The Reputation of Thomas Moore in the Belfast Newsletter

An interesting indication of Thomas Moore’s reputation is discovered by consulting historical newspapers. The Belfast Newsletter, as the major source of news and reviews for the city of Belfast since 1828, offers a view of Moore’s profile in a neighbouring city to his birth-place of Dublin. It’s notable that coverage during Moore’s life was more often confined to short references in passing to him, but the final decades of the nineteenth century yielded a few detailed considerations, including a substantial article, “RECOLLECTIONS OF THE POET MOORE”, apparently written by one who had met the poet  in 1830 through an acquaintance struck with Moore’s sister Ellen:

…  I learned she was Miss Ellen Moore, a sister of the  famous Thomas; and great I remember was my gratification when I received one evening an invitation to drink tea with her. … Upon a certain evening I observed preparations being carried on for an entertainment of a more pretentious character; and I learned that Mr. Thomas Moore, having arrived that morning in Dublin, was expected to join our company. A large party was assembled to meet him. I must own to feeling great astonishment at his appearance, as, if his sister was small, he was smaller still-that is, for a man. He was what Charles Dickens would have called a “mite.” He came into the room on tiptoe, at a sort of run, with his head thrown back; and first he kissed his sister Ellen most affectionately, then he kissed nearly every other pretty girl he could get at. His manner was delightfully frank, genial, and winning. He was full of the gossip of the day, and looked like a well-to-do little gentleman who had no other occupation except amusing himself. …  In society it was almost impossible to get at him: for he was generally the centre of a perfect galaxy of petticoats. All the prettiest women seemed to fondle and caress him, and treat him much as they would a large wax doll; but when he sang, as he did on that particular evening, two of his famous melodies, the “Last Rose of Summer.” and “Oft in the stilly Night” there was a sensation, a flatter, and a tendency to hysterical emotion instantly perceptible …  I cannot attempt to describe either the singing or its electrical effect …
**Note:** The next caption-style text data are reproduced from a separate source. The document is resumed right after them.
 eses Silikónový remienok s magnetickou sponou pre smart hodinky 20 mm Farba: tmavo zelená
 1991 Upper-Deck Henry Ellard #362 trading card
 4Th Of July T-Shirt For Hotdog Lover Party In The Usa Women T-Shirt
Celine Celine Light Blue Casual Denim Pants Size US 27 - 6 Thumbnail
The writer continues by affirming Moore’s standing within Dublin high society at the time:

He was in prodigious request at that time, I remember, in Dublin. The Marchioness of Normandy used to send her carriage to fetch him out for airings in the Phoenix Park, and he was continually receiving invitations to dine with the Lord Lieutenant, or Lord Morpeth, then the Secretary. A covered car, which is a species of conveyance peculiar to Dublin, used to fetch him to these entertainments …
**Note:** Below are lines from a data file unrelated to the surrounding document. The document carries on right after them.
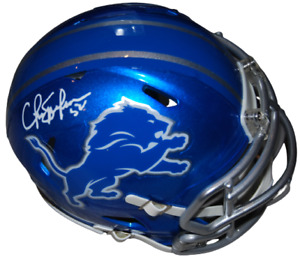 CHRIS SPIELMAN signed (DETROIT LIONS) Flash mini helmet BECKETT BAS BH087463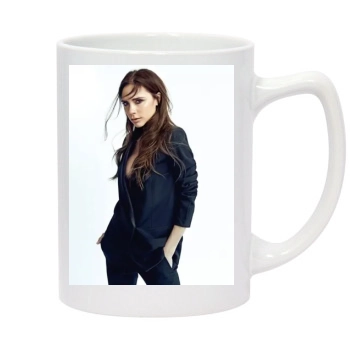 Victoria Beckham 14oz White Statesman Mug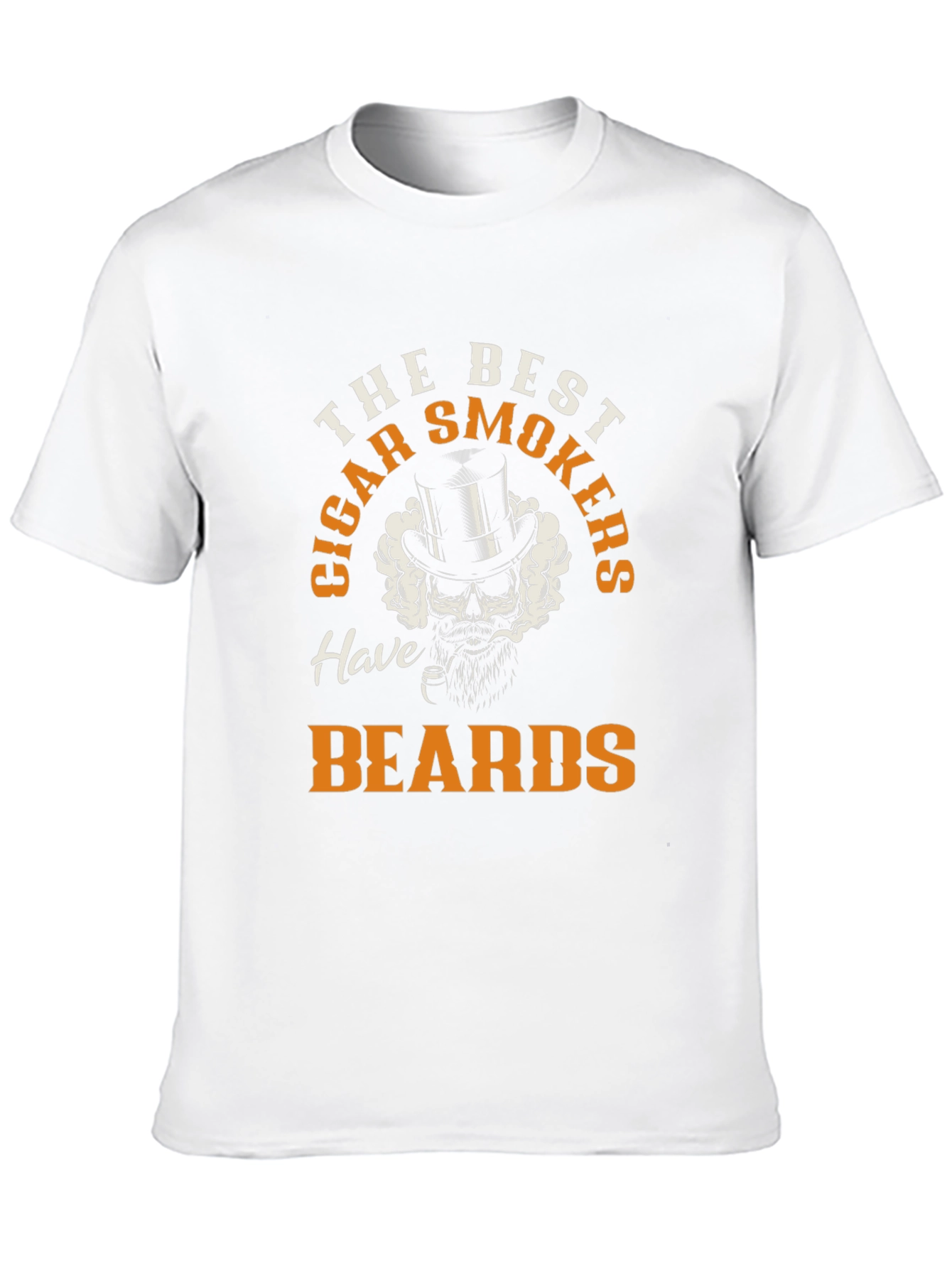 Black Cigar Smokers with Beards T-Shirt view 10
Moore’s reputation extended to his person, for according to this account

In all the relations of private life Mr. Moore’s conduct was unexceptionable ; a better husband, a kinder father never existed; and he allowed his only sister, at whose house I made his acquaintance, out of his own slender income, sufficient for her comfortable support. … –Belgravia

(Belfast Newsletter, 29 December 1874)

Moore was still a subject of academic interest in Belfast over forty years after his death. Reporting on the second of a series of four lectures on Ireland’s contribution  delivered by the Rev. C. E. Pike at the First Presbyterian Church, Holywood, the Belfast Newsletter (10 January 1898) recorded the following claim:

Moore is a lyrical poet, and he is one of the greatest of our lyrical poets. No one can read ” The Irish Peasant to his Mistress,” or that weird pathetic wail, ” 0, ye Dead,” without perceiving that though Moore uses English and purer English he has filled it with a passion which is not English; which is rather the transmitted feeling of a long-subjugated race, which has suffered in mute patience, and found consolation in dreams.

This affirmation of Moore’s Irishness – not universally perceived in the decades following his death –  is an interesting facet of his posthumous reputation.